▶ Work item: Pictures are to be left out; otherwise, copy exactly the lines from the line containing "interconti-asiana-saigon-classic-022" through the end of the data.

▶ Data supplied:
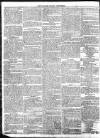 Durham County Advertiser Saturday 23 December 1815 Page 2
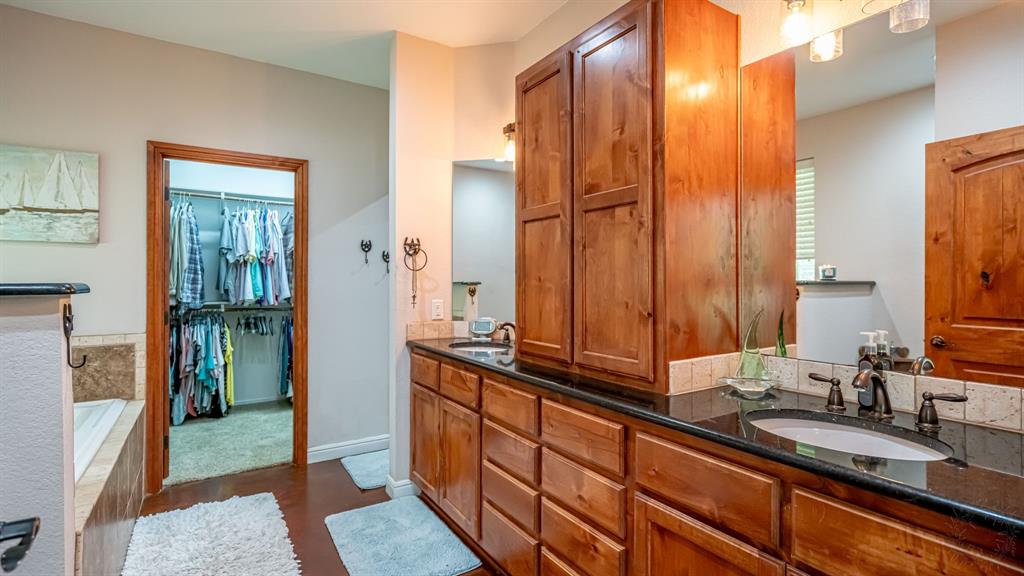 Deer Valley - Residential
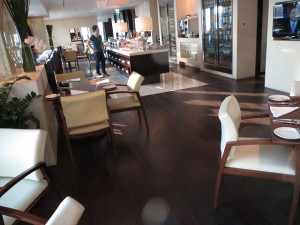 interconti-asiana-saigon-classic-022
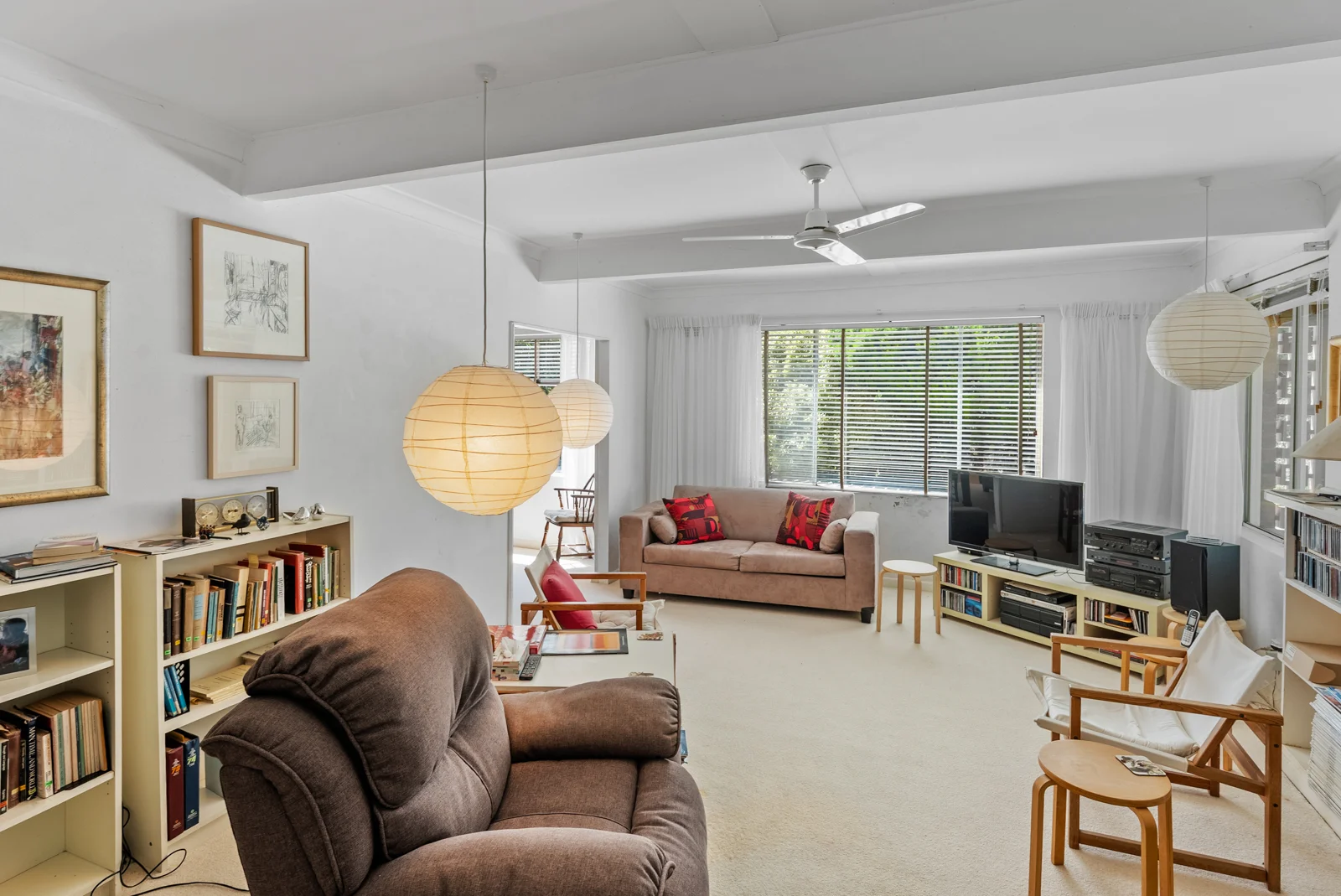 Additional image 3 of 149 Blaxland Road, Wentworth Falls NSW 2782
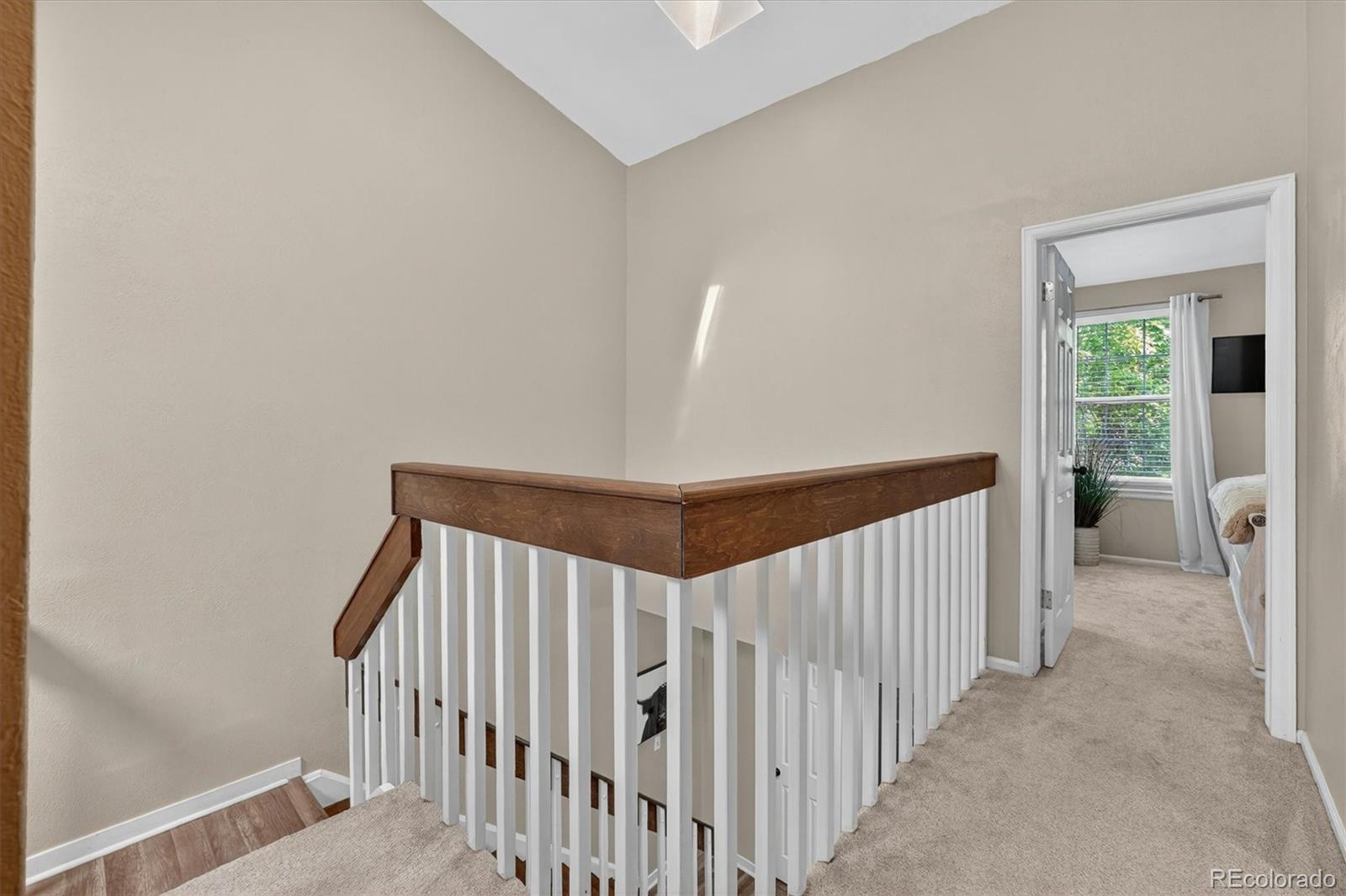 MLS Image #24 for 6911 s dover way,littleton, Colorado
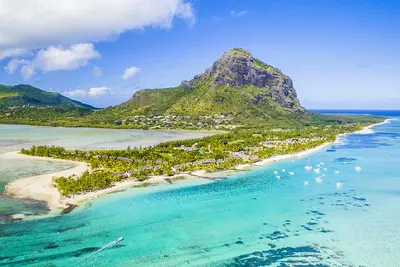 Hôtel La Mariposa 3*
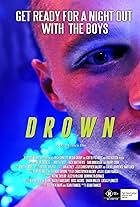 Drown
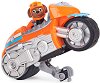      Spin Master -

▶ Answer for this exercise:
 interconti-asiana-saigon-classic-022
 Additional image 3 of 149 Blaxland Road, Wentworth Falls NSW 2782
 MLS Image #24 for 6911 s dover way,littleton, Colorado
 Hôtel La Mariposa 3*
 Drown
      Spin Master -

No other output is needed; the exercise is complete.